One aspect common to all these new content creators is that they understand not only the importance pitching to the right audience with appropriate tags and key-words, but also the need to keep their clips of just the right size - not too long, not too short.

This week the algorithm spirits led me to Navaneet Galagali who has a channel named "Rasaganga" for appreciating literature, poetry and music.  Perhaps it is my interest in Sanskrit that led YT to suggest Galagali's introduction to "Meghadootam", or the 'Cloud Messenger'. Written by Kalidasa, one of ancient India's greatest poets (5th century CE), Meghadoota, describes the plight of an exiled, lovelorn celestial (a Yaksha) who asks a passing cloud to carry a message to his beloved wife.

Sanskrit poetry can be dense and forbidding but Galagali introduces the Meghadoota beautifully in two short clips. Initially I was a bit skeptical when he started off with his Yankee accent but got hooked the moment he switched to reciting stanzas from "Purva Megha" (Eastern Cloud).

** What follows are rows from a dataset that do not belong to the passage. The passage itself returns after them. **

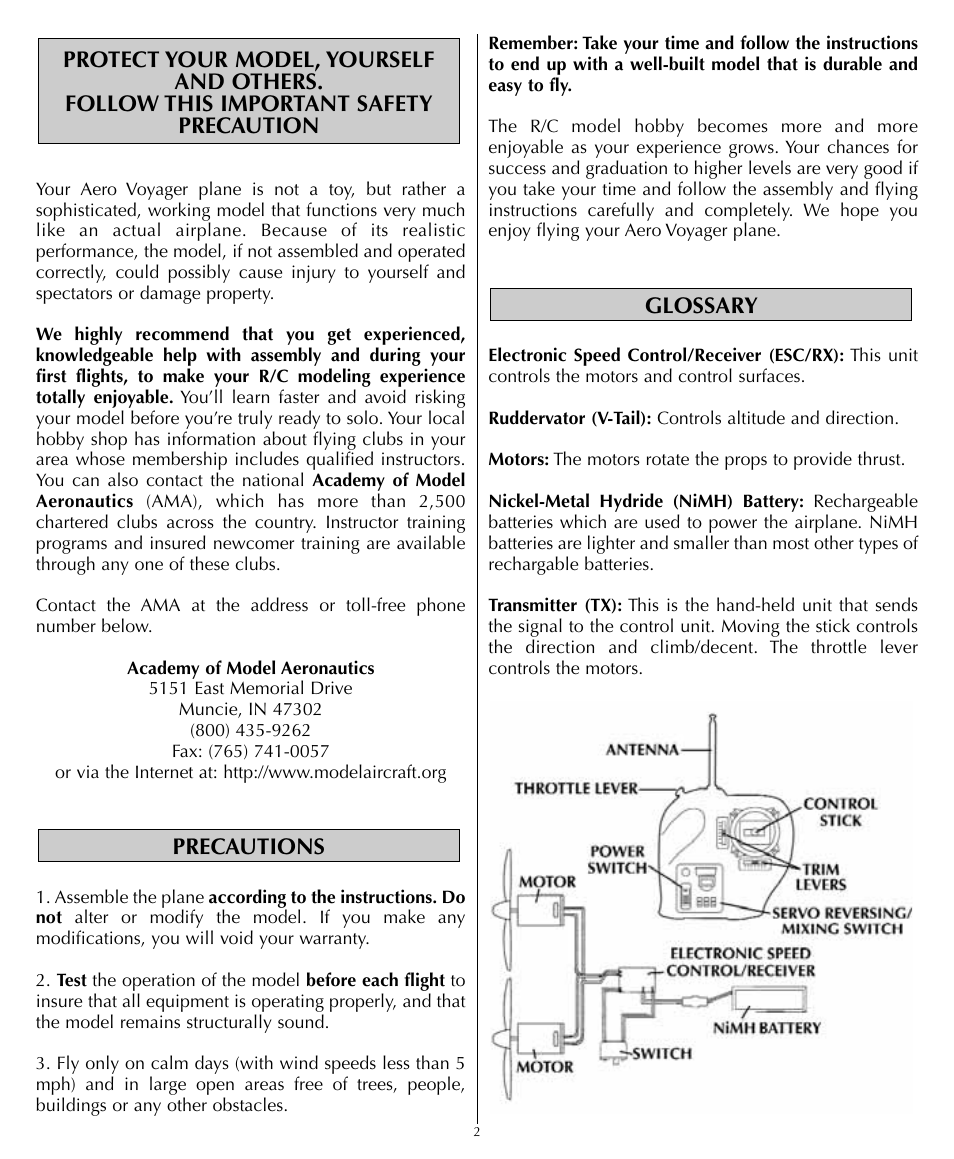 Flyzone HCAA1981 User Manual | Page 2 / 12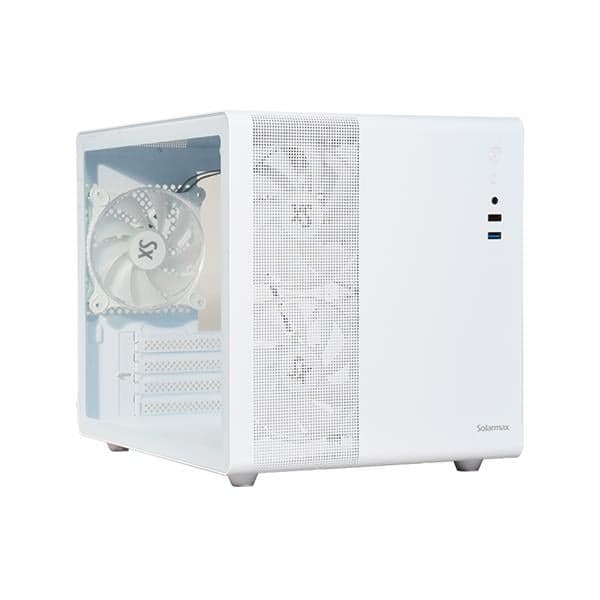 Gabinete Solarmax Cm-W300-Sf X3 Fan Argb White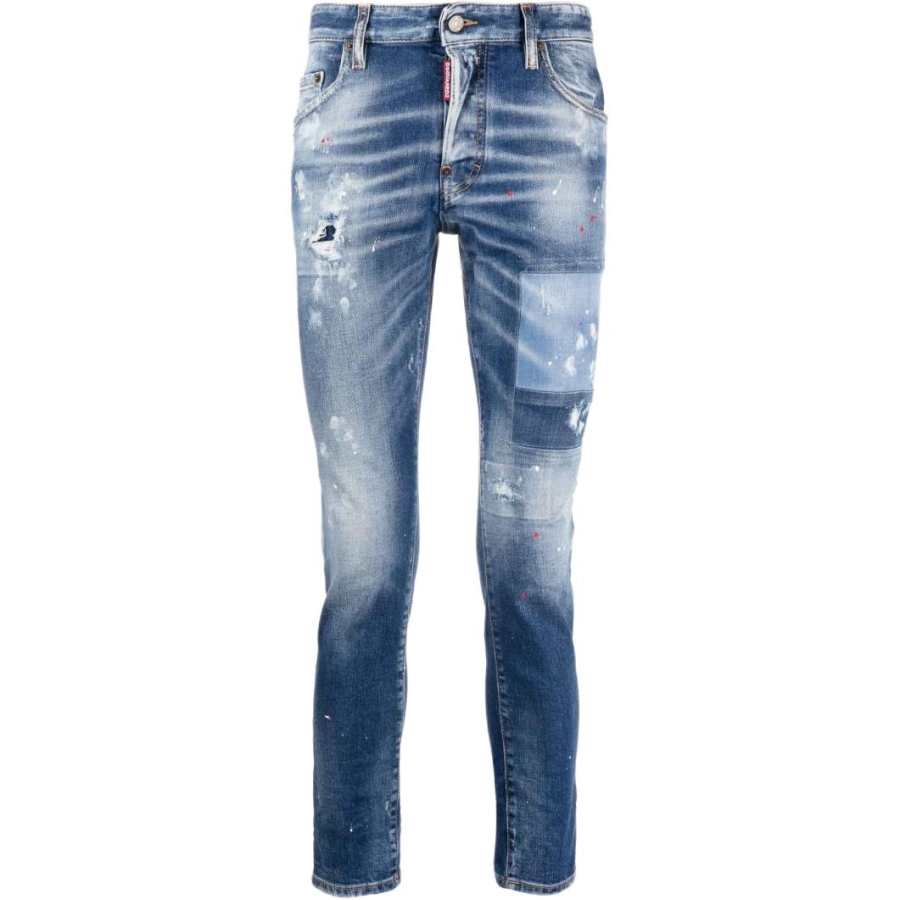 DSQUARED 2 DSQUARED 2 Skater Straight-Leg Distressed Jeans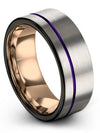Male Wedding Bands USA Womans Engagement Men Bands Tungsten 8mm Third Bands Set - Charming Jewelers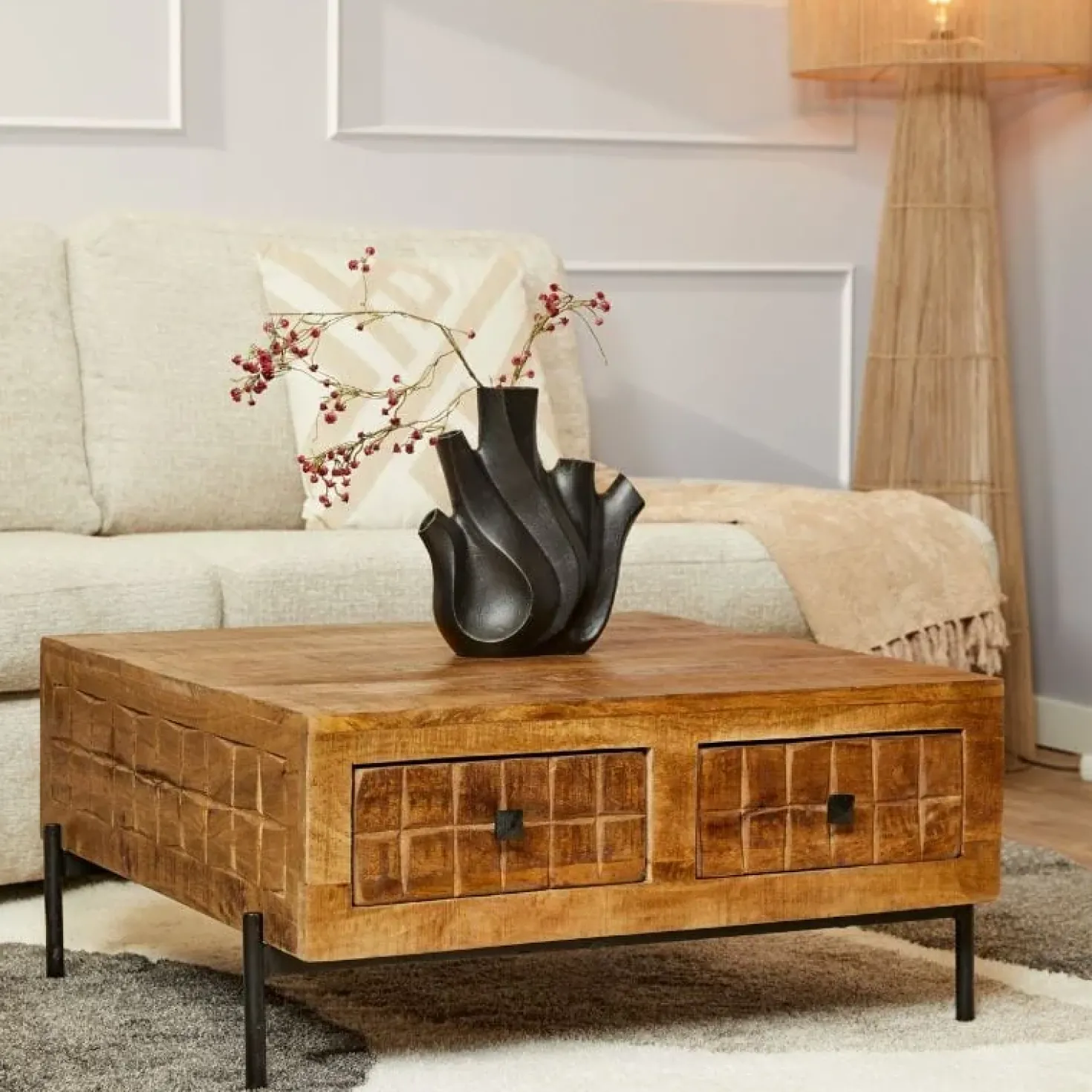 Cubical Salontafel mangohout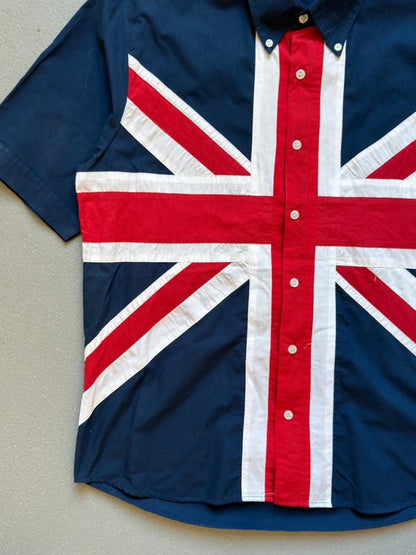 Y2K Whispering Smith Union Jack Shirt Large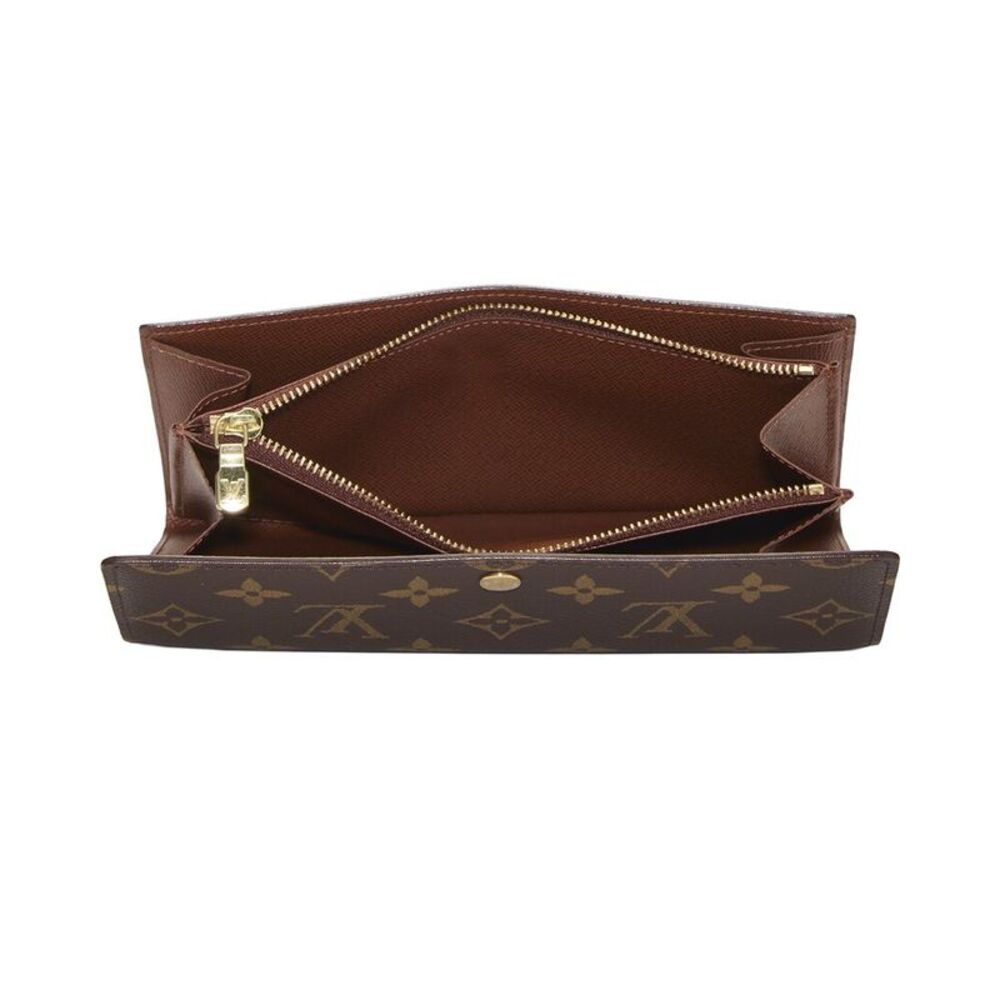 Louis Vuitton Brown Monogram Coated Canvas Porte Monnaie Credit - Picture 3 of 3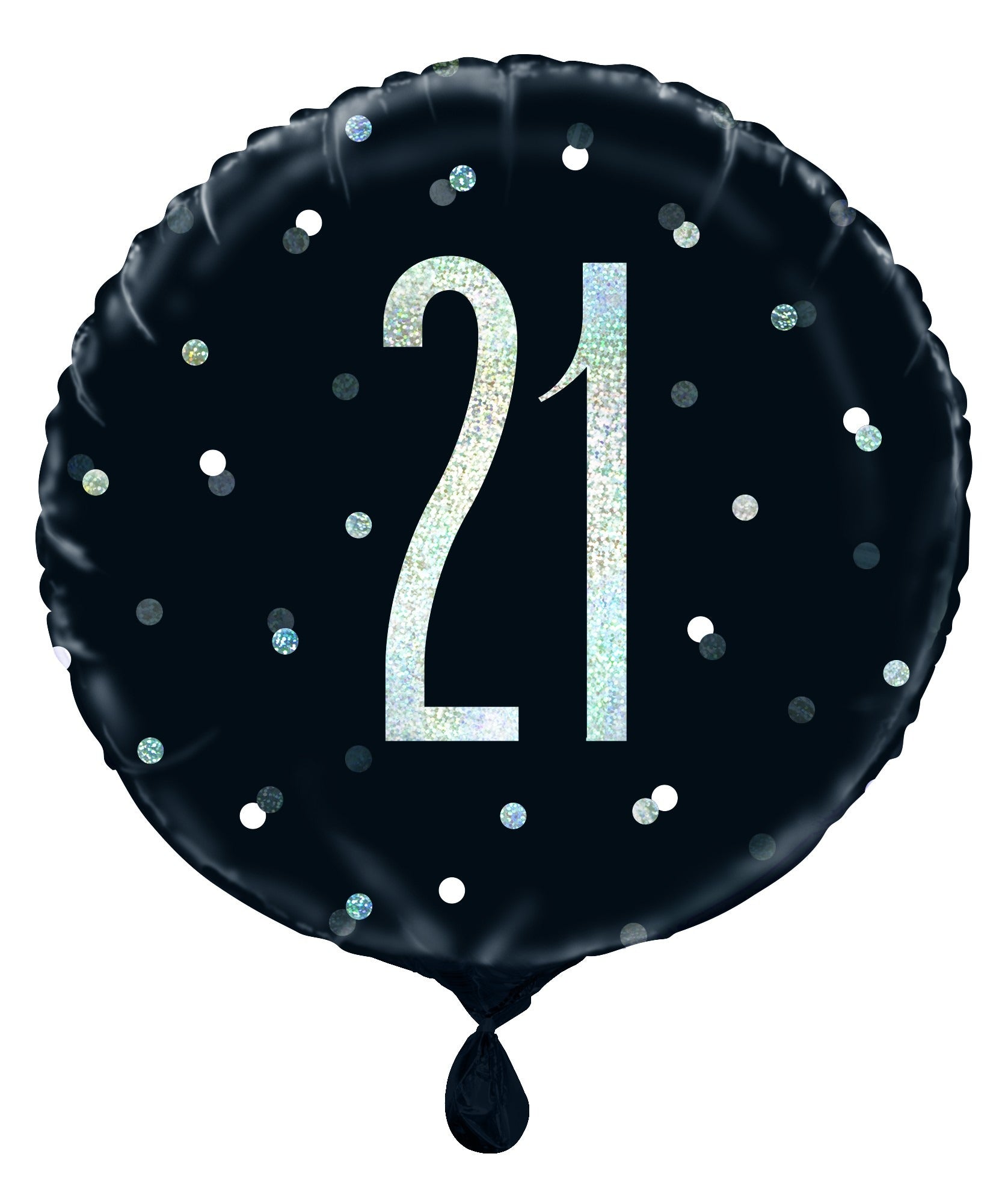 View Black and Silver Prismatic 21st Foil Balloon 18 Inch information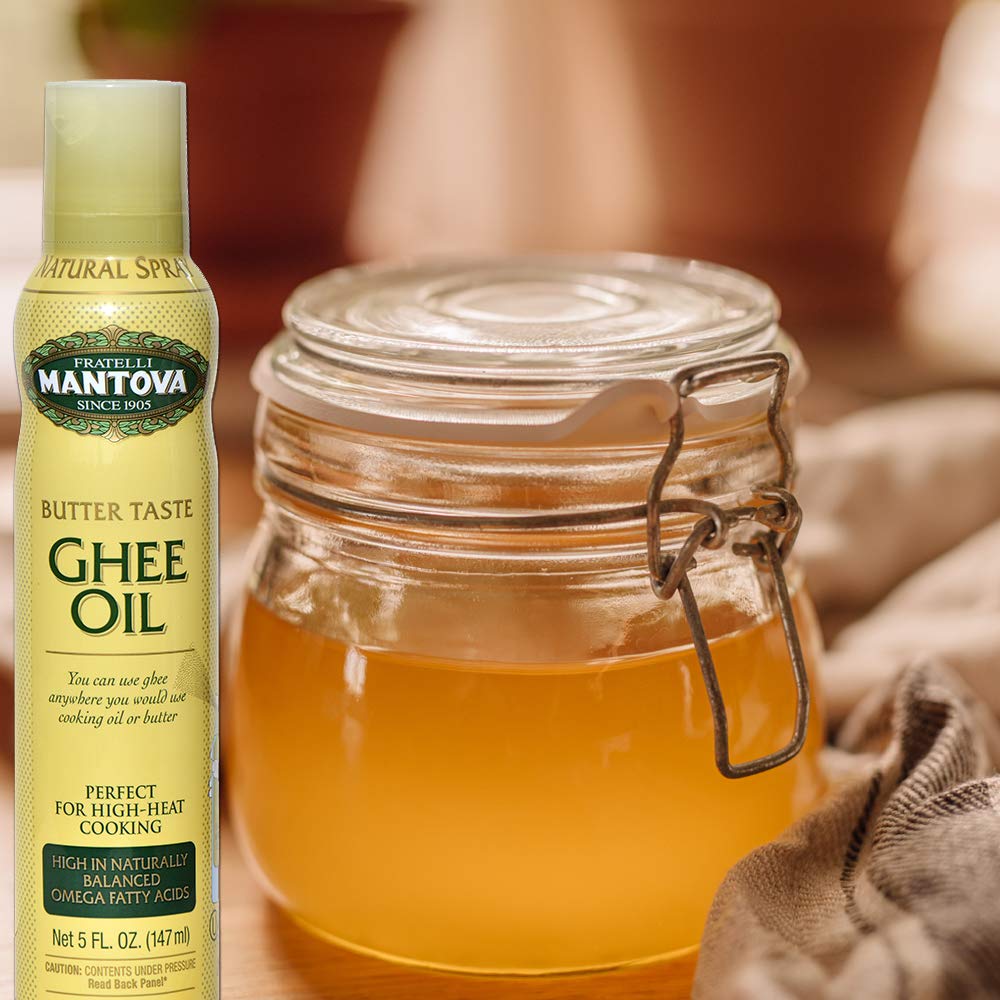 Mantova Spray Ghee Butter, Original, 5 Fl Oz (Pack Of 6)
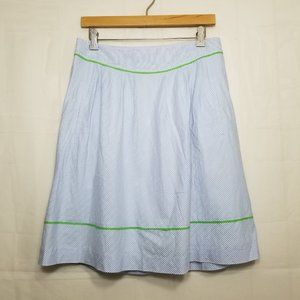 Lilly Pulitzer Striped Blue and Green A-Line Skirt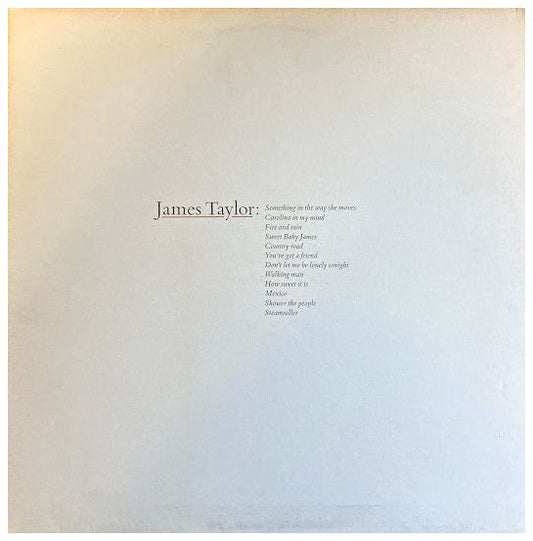 JAMES TAYLOR - GREATEST HITS | VINILO USADO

On the first day of Ashadha month,

he sees a cloud clinging to a mountain;

It appears as though an elephant

is head-butting the peak!

He welcomes the cloud with love and affection, imagines it be a sentient being, and requests the cloud to carry his message while remembering to take breaks along the way:


As you proceed, use the mountaintops,

as your resting spots;

And quench your thirst,

From the water in the streams;

For its a long way ti Alaka Nagari!


It is a long way for sure! - from hills and plains of central India, all the way across a specific Himalayan pass to the base of Mt. Kailasha where Alaka Nagari is situated.

Navaneet Galagali presents the poem so well that I found myself looking for specific stanzas in the original text. He has only skimmed over the first part of the 120 stanza poem and I look forward to the rest of his series on this, as well as his melodious recitations!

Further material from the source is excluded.